While European leaders hail Ireland's recovery from near economic collapse, but the benefits of the severe austerity program are not being felt by many in the country.
Image: John Donovan, whose hardware supply business buckled during the financial crisis, in Dublin.
John Donovan's hardware supply business buckled during the financial crisis. With his scant savings eroded, he shoots pigeons for food and grills them outdoors to reduce his gas and grocery bills. “I do that just to live,” he said.  Paulo Nunes Dos Santos / The New York Times
/ Source: The New York Times

On the rare days when John Donovan visits downtown Dublin, there is a buzz in the air: Streets bustle with pedestrians. “Sold” signs festoon Georgian brick buildings that had languished on the market for years. At Silicon Docks, a hub where Google, Facebook and other tech companies are clustered, crowds of taxis line up for easy fares.

It certainly looks like Ireland is recovering from near economic collapse. And this weekend Ireland will technically become the first of Europe’s crisis-hit countries to emerge from an international financial rescue program.
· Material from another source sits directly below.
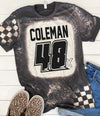 Personalized Racing Bleached Black Unisex Tshirt Dirt Track Motocross Dirt bike Race Tee Checkered Flag Bleached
But in the suburb of Shankill where Mr. Donovan, 55, lives, the economic hubbub is absent. Many of his neighbors are barely scraping by. He moved into his mother’s small cottage after his hardware supply business buckled during the crisis. With his scant savings eroded, he shoots pigeons for food and grills them outdoors to reduce his gas and grocery bills. “I do that just to live," he said.

“The Irish people have endured a horrendous time,” Mr. Donovan said. “The government must take their foot off the neck of the nation.”

The Irish government’s severe austerity program was a condition of the €67.5 billion, or $92.9 billion, lifeline it received amid a severe banking crisis. But in part because of the sharp cutbacks, Ireland has regained the confidence of investors and will no longer need to rely on the international loans. It can now borrow money in financial markets at low interest rates. But it still must repay most of the loans it has received, which could take decades.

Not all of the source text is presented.